Alan Turing was not a biologist, but a mathematician and the founder of computer science. Well-known for cracking the Nazis’ Enigma Code during World War II, Turing sought to crack another kind of code – how animals could develop from chemical substrates. He believed development could be reduced to mathematical axioms and physical laws.

His landmark paper, “The Chemical Basis of Morphogenesis,” was published in 1952, two years before his enigmatic death. In it he theorized a system of two different interacting molecules, called morphogens, which could establish chemical gradients through a “reaction-diffusion system.”

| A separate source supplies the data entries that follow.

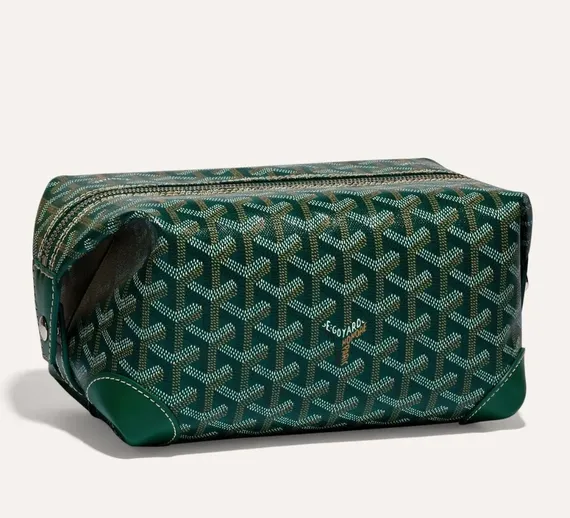 Косметичка Goyard Bowling 25 Toiletry Bag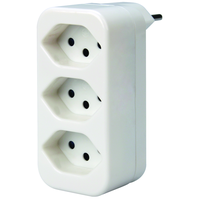 Adattatore multiplo 3xT13 bi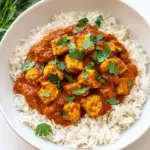 Homemade Chicken Tikka Masala Slow Cooker Recipe photo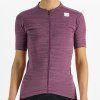 Dámský dres Sportful Supergiara - fialový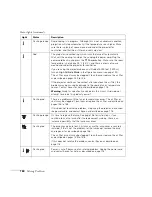 Preview for 166 page of Epson 1815p - PowerLite XGA LCD Projector User Manual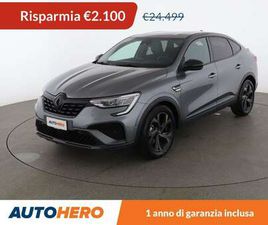 1.6 HYBRID E-TECH ENGINEERED FAST TRACK FHEV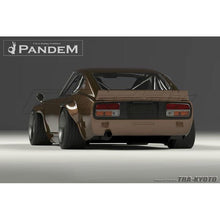 Load image into Gallery viewer, GReddy Datsun 240Z (S30) Full Pandem Wide-Body Aero Kit
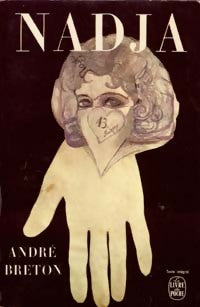 Livrenpoche : Nadja - André Breton - Livre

The central idea behind the theory is that two homogeneously distributed substances within a certain space, one “locally activated” and the other capable of “long-range inhibition,” can produce novel shapes and gradients. The results of these substance interactions are dependent on just four variables per morphogen – the rate of production, the rate of degradation, the rate of diffusion and the strength of their activating/inhibiting interactions. The equations are shown in Figure 1. It should be noted that these equations are not necessarily the ones derived by Turing. As his work was published nearly 60 years ago, his work has undergone several revisions and applied in different ways.

Figure 1: Reaction-diffusion equations.

What is special about such a model is that it can explain pattern formation without a preformed pattern. That is, the reaction-diffusion model can explain how those initial patterns form in the first place. While fly development begins with a maternal injection of bicoid into the oocyte, a reaction-diffusion system can theoretically give rise to a pattern without an initial asymmetry.

Figure 2: Reaction-diffusion model.

Figure 2 shows how a reaction-diffusion system of two molecules, P and S, works. P stimulates the production of itself (autocatalysis) as well as the production of its inhibitor S – S inhibits P. Furthermore, P diffuses slower than S. The initial conditions (2B, Time 1) are a random distribution of both substances – no pre-pattern. Now what happens?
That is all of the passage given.